15 Temmuz Türkiye'nin yaşadığı en karanlık gecelerden biri olarak tarihe yazıldı. Bu kalkışmanın önündeki en büyük engel halk oldu. O gece birçok isimsiz kahramanın muhteşem bir birlik ve beraberlik örneği göstererek engellemesi gelecek kuşaklara mutlaka aktarılmalıdır. Ülkemin güzel insanlarının birlik ve beraberlik içinde hareket etmesi halinde neleri başaracağını tüm dünya gördü.
O kara gecede Anadolu Ajansı'nın haberine göre, 15 Temmuz'da yaşanan darbe girişimi sırasında 55'i Ankara'da, 5'i İstanbul'da, 2'si Muğla'da olmak üzere 62 polis, 4'ü Ankara, biri İstanbul'da 5 asker, 78'i Ankara, 94'ü İstanbul, 1'i Malatya'da 173'ü sivil toplam 240 kişi şehit oldu. Yaklaşık 2 bin civarı insan yaralandı. Bunların dışında on binlerce kişi gözaltına alındı, görevden el çektirildi ya da görevinden atıldı. Askeriye, Emniyet, Milli Eğitim, Diyanet başta olmak üzere tüm devlet kadroları neredeyse sil baştan hale geldi. Yaşanan tahribat uzun yıllar silinmeyecek bir hal aldı.

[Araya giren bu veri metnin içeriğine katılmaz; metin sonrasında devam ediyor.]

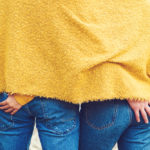 Back side view closeup cropped photo of couple touching each another ass. Denim fashion style. Sexy couple embracing and hugging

Bu kalkışmanın ardından devletin çeşitli kurumları içine girenler ve bu yapıya yardımcı olanların tespiti için vatandaşlar sosyal medya üzerinden birbirlerini teşvik ederek bilinen isimlerin kolluk kuvvetlerine bildirilmesi için karşılıklı çağrıda bulundu. İşte bu çağrı sonrası herkes sosyal medya üzerinden son dönemlerin moda deyimi ile “yardırmaya” başladı. Bazıları saf ama birçoğu ihtiraslarını karşılamak adına yapılan bu hareketler her geçen gün daha fazla dillendirilir oldu. Zamanında bu kişilerin kapısında el pençe divan duran onların sayesinde para makam kazananlar bile ihbar mekanizmasına dahil olmuş hatta ve hatta daha ileri giderek bunu teşvik eder boyuta gelmiş.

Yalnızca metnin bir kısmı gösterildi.